Fostering dogs has become a part of my life. About a year ago, March 24 2015, I came back from the airport crying. Crying a mixture of happy and ego tears. I have fostered many dogs, and loved them all as if they were mine, but if I had to choose the one that had the biggest impact on me, that would be Billy – and that day I said my goodbyes at the airport, and let him go. It was my hardest farewell so far – not that any goodbye has ever been easy.
“Why don’t you keep the dog? He seems to have loved you so much” – I don’t know how many times I’ve been asked that question. Too many I guess. Making rescue or training videos makes a huge impact, it helps the dogs get adopted but it also brings up that question. People see the relationship I develop with the dogs, and can’t help but wondering what kind of person could I possibly be to give up a dog that sees in me a savior. So I’ve had to answer the same question over and over again. Why didn’t I keep Billy, Alma, Bono, Sahara, Petra, Kallie and all the rest?
There isn’t really a right way to answer this question. Fostering is about letting go. It’s about preparing the dog for his forever home. It’s about training, healing, socializing and transforming that particular dog, from a hurt, broken, sick and confused animal to a perfect pet. A pet that is a result of patience, correct education and persistence. It might take a few weeks or a couple of months, but there comes a time when you are ready to shout out to the world: “here he is, he is house trained, socialized and healthy and he needs a home”.
Do I adore the dogs? Yes, I do. Do I imagine them living with me forever? Of course I do. Are the dogs becoming so attached to me that it will be hard on them to be rehomed? Never. That’s what’s amazing about them, and the main reason why adopting an adult dog is highly recommended –at least by me. Dogs have an amazing capacity to live in the present. This is what all trainers know, and all of us volunteering in animal welfare have experienced too many times. Yesterday they lived on the street, today they live in a shelter kennel, tomorrow they live in a foster home and the day after they live in their forever home. It takes just a few days for them to adjust and the new home becomes their past, present and future.

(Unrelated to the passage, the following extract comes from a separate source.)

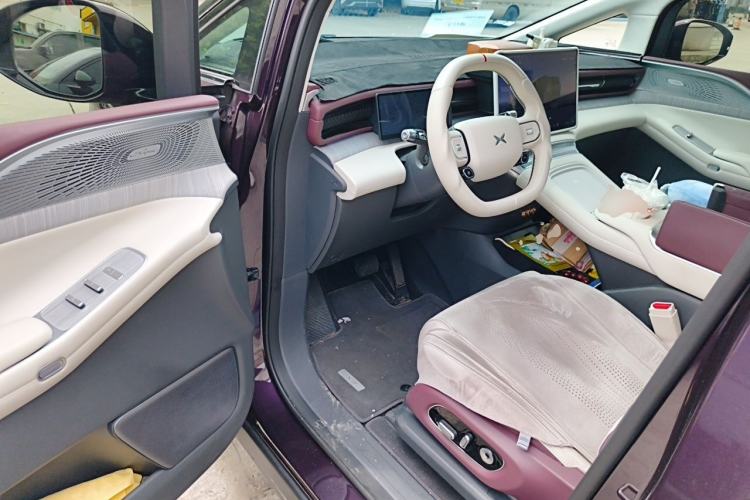 Used XPeng X9 2026 Model—Range-Extended Version 1602 Ultra Driver Seat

Have I ever kept a foster? Yes, of course. I kept my first one, Apollo. I just couldn’t let go. And he taught me a lot. He introduced me to the animal welfare world, and thanks to him, I was never the same. Fostering is not just about helping the dogs. It’s about helping some amazing people adopt the dog they always dreamed of. And this is awesome. I’ve given every single one of my fosters knowing pretty much everything they’d do or feel during the first weeks. I got to train them and know them that well that I’m pretty confident about any advice I give to the future families. And this is a precious feeling for all three parties, the dog, the family and me.

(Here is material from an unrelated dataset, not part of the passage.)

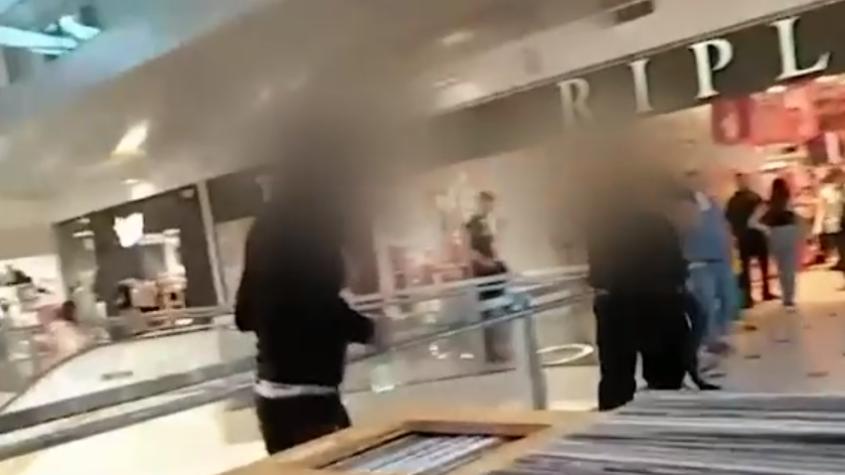 A los combos: Guardia se enfrenta a "mechero" en Mall Marina de Viña del Mar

Billy was one very hard goodbye. Within three months I watched a frightened bag of bones turn into a healthy, gorgeous dog. I witnessed a miracle and yes, I felt that he was mine – and in a way he was and always will be. But the thing is that the dog that lives in Switzerland today is not my Billy. My Billy was that tiny, scared and sick creature I fostered those first weeks. The dog I nurtured, and treated and trained. The dog that wagged his hairless tail for me on the fourth day. The dog whose dippers I changed and whose sheets I washed. The dog I couldn’t touch for three weeks without my gloves on. That was mine. And nobody can take that away. Of all the footage I have on him, I’ve only kept one photo in my pc, and it’s one of his first ones. Because back then, he was my dog.
The amazing animal I gave for adoption on March 24 wasn’t my Billy. It was Emma’s and Simon’s dog. Having photos send to me from his one year adoption celebration only makes me think of one thing: “How could I even consider depriving those amazing people from their dog? How did I even consider keeping their dog?”

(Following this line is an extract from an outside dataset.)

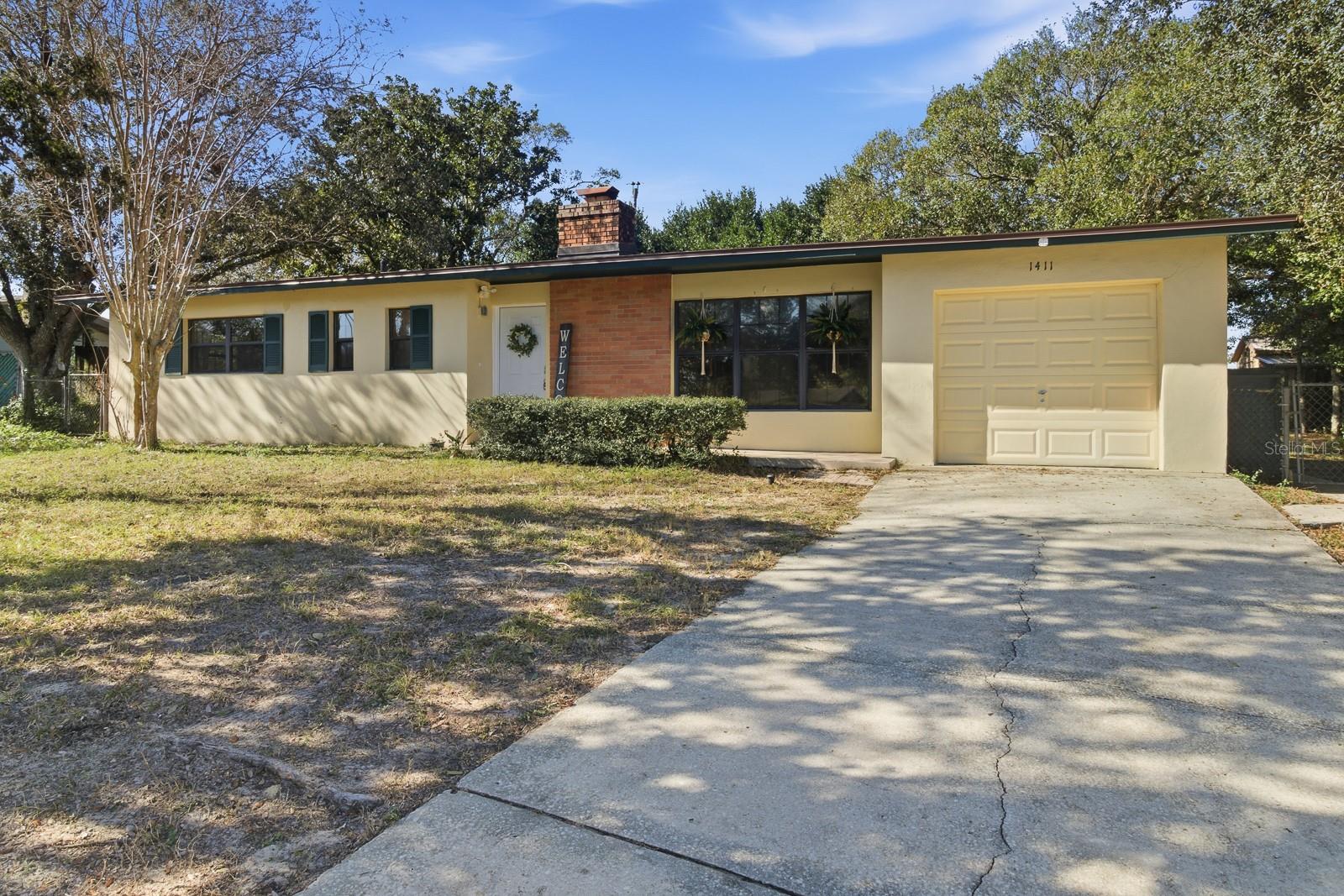 Listing photo id 0 for 1411 Crest Drive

If you have any doubts about fostering, just don’t. It is one amazing thing to do, and letting go isn’t really that hard. You let go of a dog that belongs to somebody else, but you can always keep the dog you fostered forever. Because the fearful, sick and confused dog you took in those first few day will always be yours, no matter what. Will you grow feelings for the animal? Of course you will. And you will let it go because it doesn’t need you anymore, but there are millions out there who need you a lot. All of us volunteers give our “Billies” away for all the other “Billies” to come. And they are a lot. They deserve a chance.
I know that there will come a time when I’ll be reading this blogpost and laugh. I know that eventually a dog will come that will be impossible for me to give up for adoption. I’ve even come up with a caption for it: “I did what I did before love came to town”. But until then, I have absolutely no regrets. All the dogs I fostered will always be mine in a way. I keep only one photo of every one of them, and it’s a photo from the first day they arrived. That day, they were mine. The day they left for their forever homes, they already belonged to somebody else.